*** Opening Material provided ***
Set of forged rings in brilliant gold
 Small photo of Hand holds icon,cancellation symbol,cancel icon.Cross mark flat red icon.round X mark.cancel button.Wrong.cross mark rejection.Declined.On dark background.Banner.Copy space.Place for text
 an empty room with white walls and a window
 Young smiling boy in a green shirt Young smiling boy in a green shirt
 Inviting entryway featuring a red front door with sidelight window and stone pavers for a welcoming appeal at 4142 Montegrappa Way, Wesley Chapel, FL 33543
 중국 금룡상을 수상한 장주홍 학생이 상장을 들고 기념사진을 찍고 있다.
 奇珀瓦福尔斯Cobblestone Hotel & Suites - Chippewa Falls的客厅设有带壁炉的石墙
*** Closing Material provided ***
If a line in the entries above holds the word "with", count it; then report the total alone.

2